A Tale of Two Cities

Ben Duke and devised with the Company after Charles Dickens
Lost Dog, The Place and Warwick Arts Centre
The Lowry, Salford

A Tale of Two Cities
A Tale of Two Cities
A Tale of Two Cities
A Tale of Two Cities
A Tale of Two Cities
A Tale of Two Cities
A Tale of Two Cities

There is no such thing as a ‘new’ idea. The Octagon Theatre in Bolton is currently staging an adaptation of Kes which cuts back the text and number of actors and makes use of physical theatre techniques to tell the story. At The Lowry, Lost Dog is taking a similar approach to its version of Charles Dickens’s A Tale of Two Cities.

There is a strong sense director Ben Duke, who devised the play with the Company, is aware attempting a stage version of such an epic novel is so ambitious as to border on ridiculous.
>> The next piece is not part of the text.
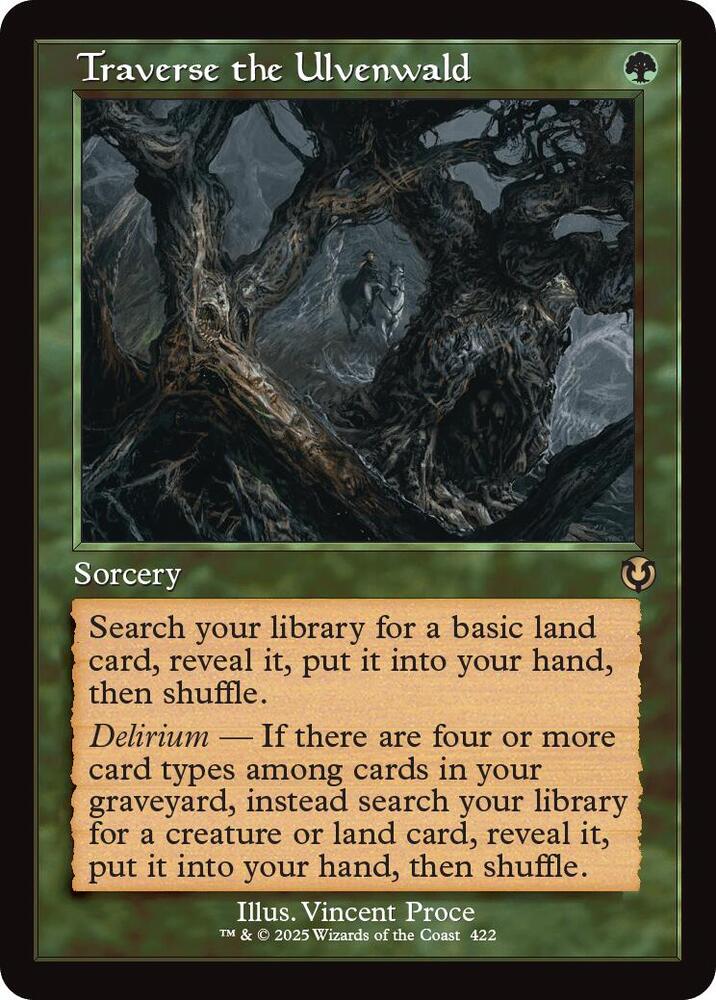 Traverse the Ulvenwald (Retro Frame) (422) [Innistrad Remastered]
Throughout the play, the cast remind the audience the story is so complex it would be prudent to take notes and pause to summarise plot developments. The famous opening lines of the novel are moved to a much later point and, when finally spoken with beautiful bitter resignation by Temitope Ajose-Cutting, are immediately followed by a joke.

The adaptation works by changing the nature of the story from Dickens’s theme of societal reinvention and personal redemption to an intimate family drama. Lucie (Nina-Morgane Madelaine) attempts to make a film documentary about her family but finds her parents, Lucie Manette and Charles Darnay, are reluctant to answer many questions. Gradually, a tale emerges of a crime committed by Charles’s father so vile he refuses to use his family name and of a sacrifice by a man named Sydney Carton after whom her brother is named. But Lucie remains puzzled by a mysterious woman, Defarge (Temitope Ajose-Cutting), whom she recalls threatening her at gunpoint.

The audience regularly must suspend disbelief. For the timeline to work, events take place in the early 19th century yet a documentary film is being made, Amnesty International is referenced and the cast wear modern casual clothes. The characters frequently point out jumps in logic and incredible coincidences. But the mood of a family gathering, with in-jokes and squabbling, is convincing. Despite the relatively short running time, the characters are satisfyingly complex. Rather than a two-dimensional figure of vengeance, Temitope Ajose-Cutting establishes Defarge as someone against whom a great wrong was committed and who deserves justice.

Duke’s techniques risk alienating the audience. Amber Vandenhoeck’s set of a derelict building has a wall constructed in a manner which obscures the view for the audience. Scenes from Luice’s documentary, shot inside the building, are broadcast on a screen fixed in the roof and a TV at the side of the stage. This seems like cleverness for its own sake until it becomes apparent the approach allows also for Hannes Langolf to appear on screen as both Charles Darnay and Sydney Carton at the same time and for one to transform into the other.

If the text occasionally becomes a clumsy blur of names and places, the physical storytelling is vivid and powerful. A mob in full revolt is portrayed by the cast in delirious, silent slow-motion. A lynching is enacted by John Kendall in such disgusting detail it is only possible to watch by imagining it happening to Putin. Temitope Ajose-Cutting’s eccentric bopping movements when Defarge discovers a family tragedy are so extreme as to seem robotic until it becomes clear they are the reaction of someone pushed beyond endurance by grief.

By recognising, even celebrating, the limitations of what can be achieved in transferring an epic novel to the stage and emphasising their considerable strengths as physical storytellers, Lost Dog achieves a very unusual but highly successful adaptation of a classic story.